Com frequência, Los Angeles é considerada a “salvadora” da Olimpíada por ter apresentado a candidatura para os Jogos de 1984 e ter obtido um superávit operacional inédito de US$ 225 milhões. Desta vez, o Comitê de Organização dos Jogos Olímpicos da Califórnia do Sul alardeia que seu plano de usar as instalações, a infraestrutura e os alojamentos existentes na região pode ser um modelo para a escolha das sedes e a realização de futuras edições. Não foi difícil conseguir a aprovação local para essa ideia.

Uma pesquisa de opinião pública lançada há poucos dias pelo Centro para o Estudo de Los Angeles da Universidade de Loyola Marymount concluiu que 88% dos cidadãos de LA apoiam a realização dos Jogos na cidade novamente.

“Com 97% dos locais de nível internacional que constam no Plano dos Jogos já construídos ou planejados como instalações permanentes (…) somos capazes de manter os custos baixos”, escreveu Gene Sykes, diretor geral do LA 2024, em um e-mail ao ESPN.com.

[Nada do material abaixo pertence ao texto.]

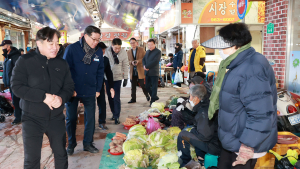 진병영 함양군수, 전통시장 민생 행보 이어가 [함양소식]
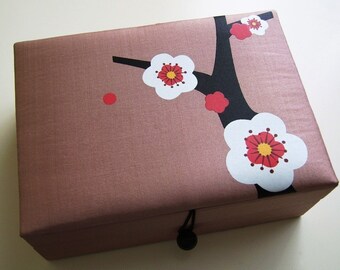 Tan Cherry blossoms jewelry box, large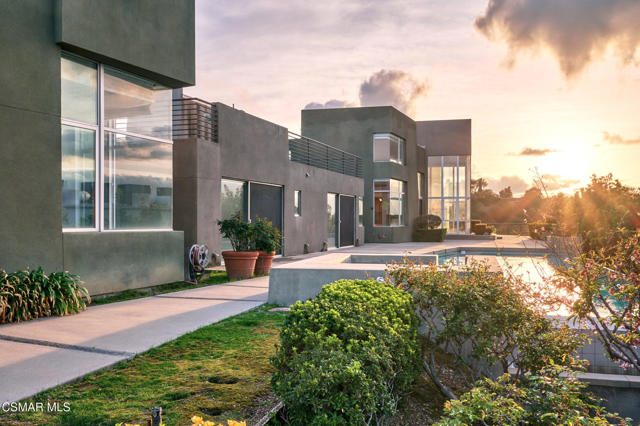 3681 Alomar Drive, Sherman Oaks CA: https://media.crmls.org/mediaz/12ae549c-7e1d-477a-bb2c-f04229e06194.jpg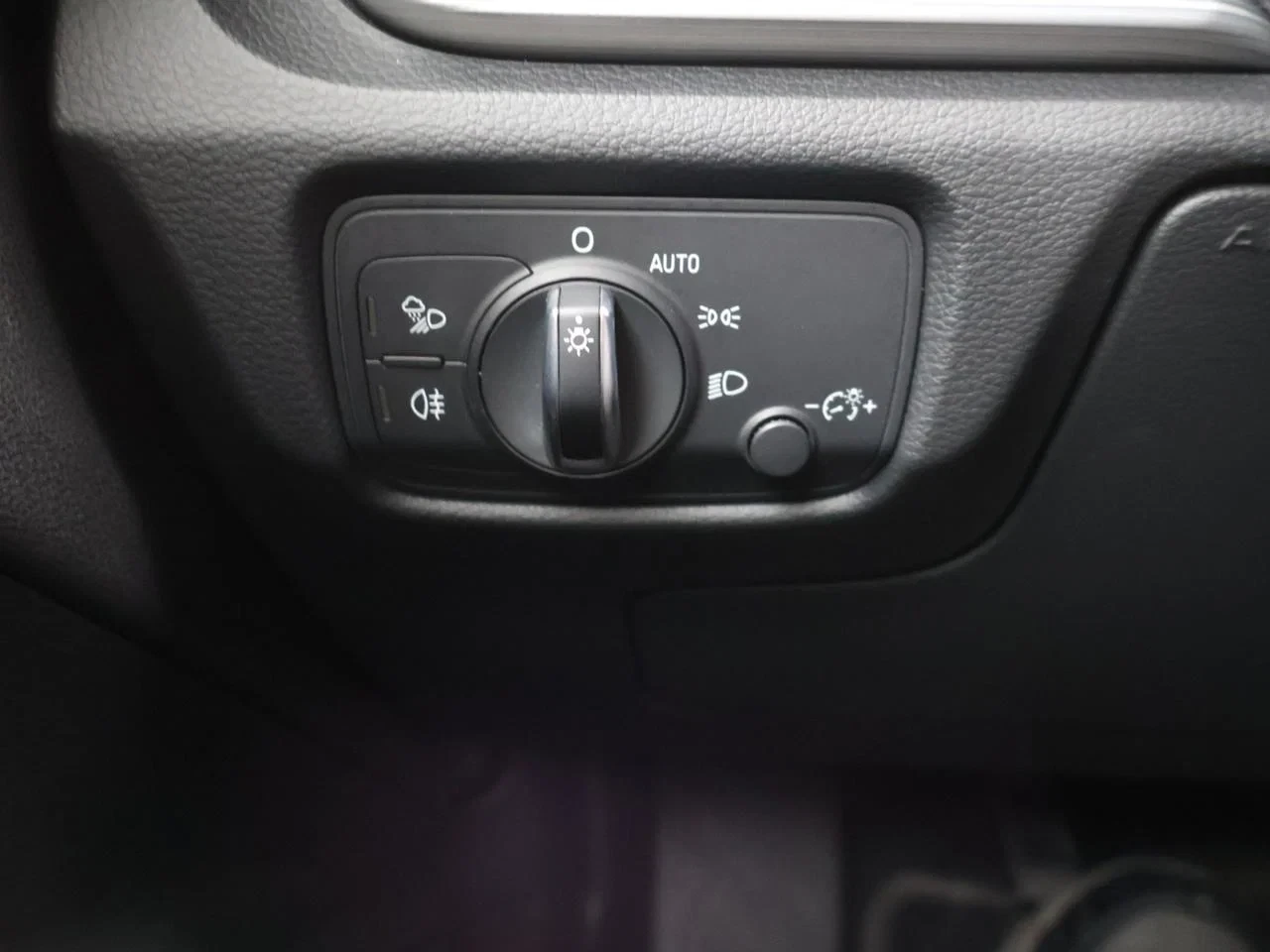 Audi A3 Sportback 1.0 TFSI 116pk Sport * NAVI*BLTH*CRUISE*PDC*...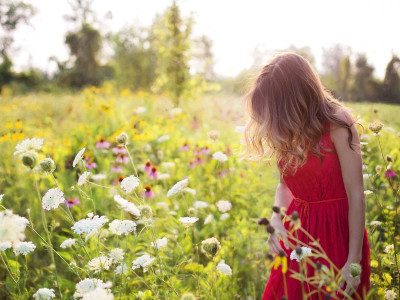 Junij: dinamičen ples med materialnim in duhovnim svetom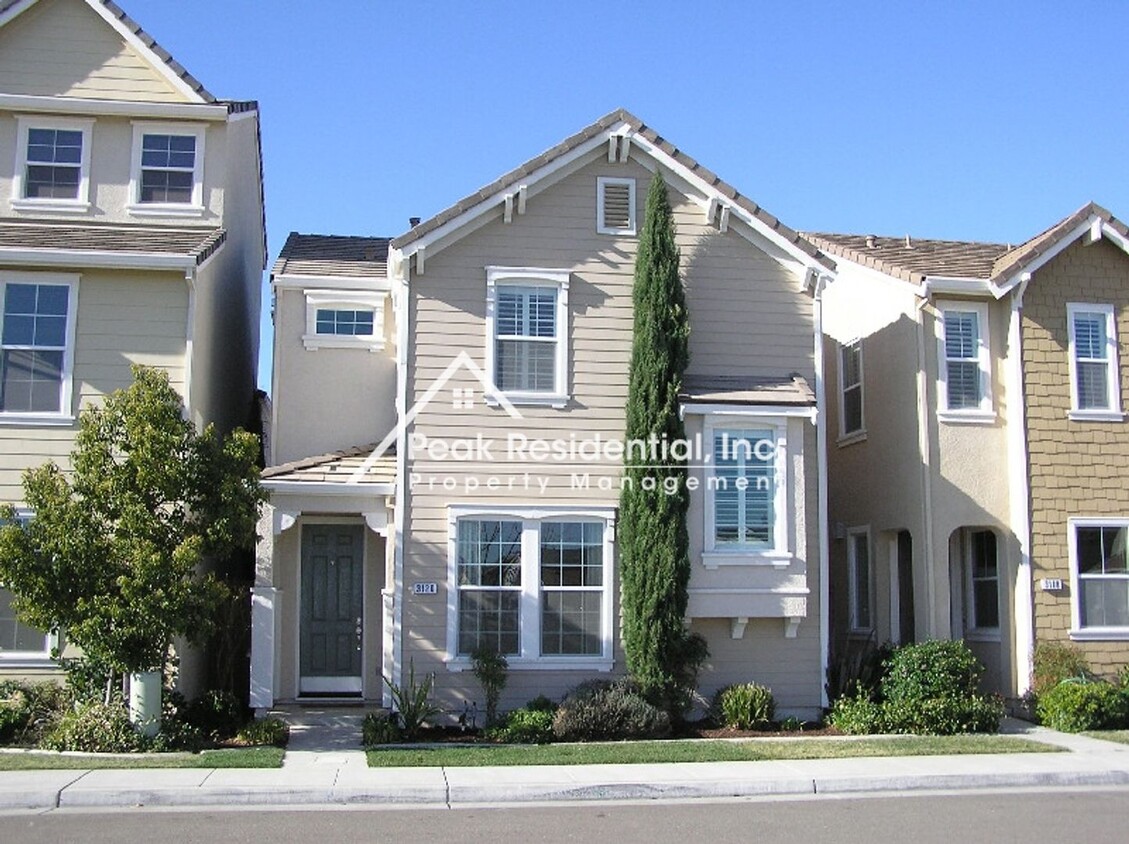 Primary Photo - Gorgeous Capital Village 3bd/2.5ba Home wi...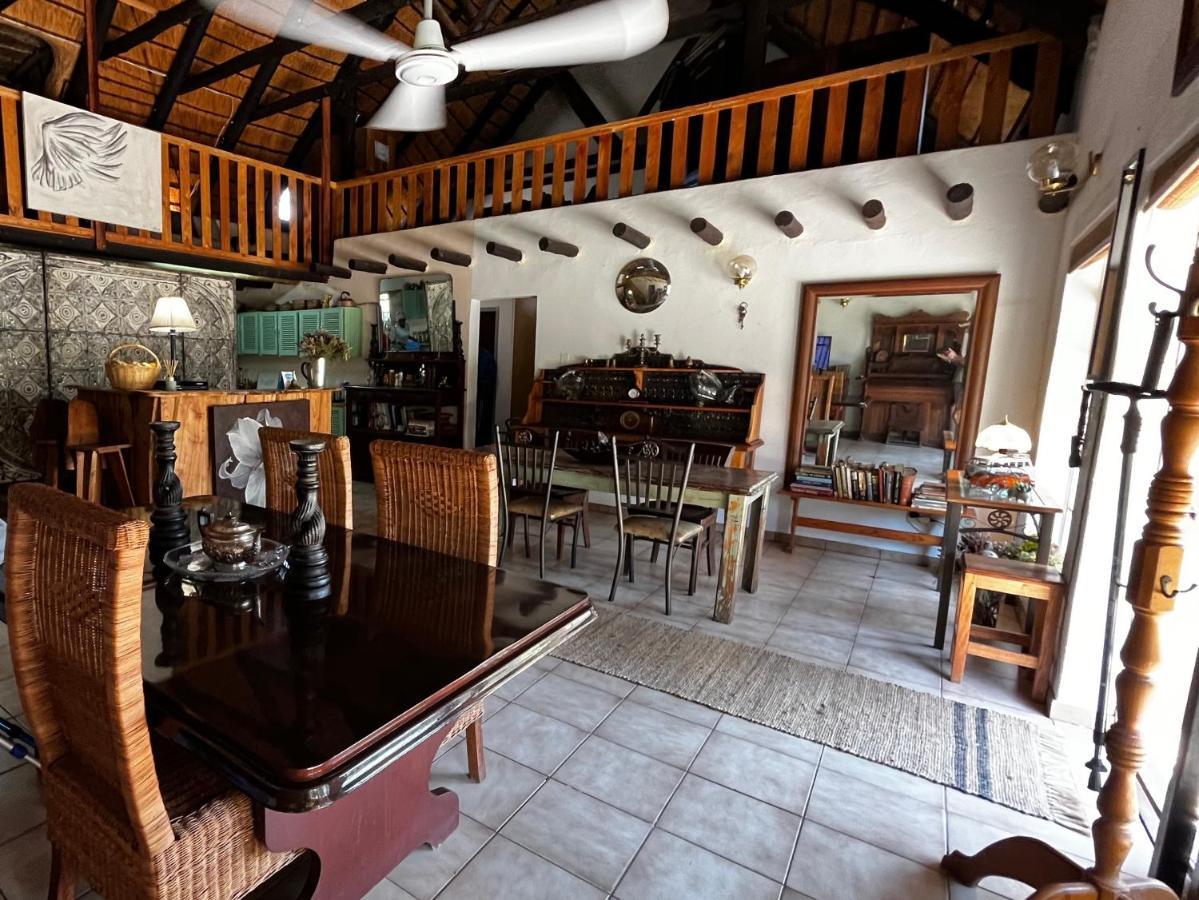 OppiPlasie Guest House Brits Extérieur photo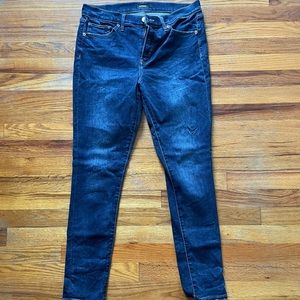 Express size 12L mid rise skinny jeans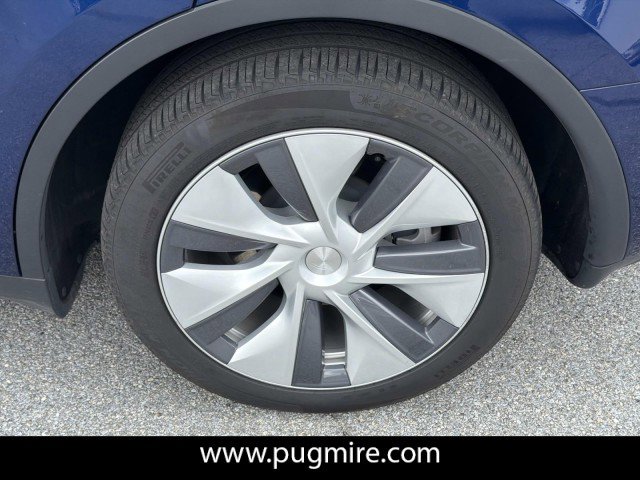 Used 2024 Tesla Model Y Long Range AWD/4WD image 19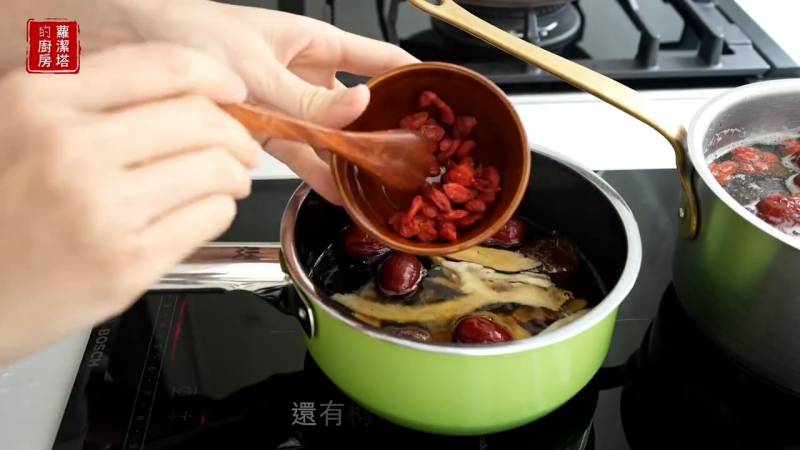 【塔塔厨房】教你简单高丽菜炒鸡肉，家常做法轻松学！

No entanto, Short, em um artigo assinado no “The Washington Post”, defende uma abordagem mais radical. É uma volta atualizada e um tanto utópica da velha ideia jamais lançada e que ainda não está em discussão séria: a organização dos Jogos de Verão em um local permanente perto de Atenas, o lar ancestral das Olimpíadas. Short propõe fazer o COI pagar, para variar, a construção, a manutenção das instalações e a organização dos Jogos em um complexo múltiplo ecológico e construído com sustentabilidade em uma de muitas ilhas gregas, e que essas instalações sejam usadas com outros objetivos culturais e atléticos durante o ano todo.

“Não acho que isso seja tão insano”, disse Short, com uma risada.

Não mais do que acreditar que o COI pode continuar como está.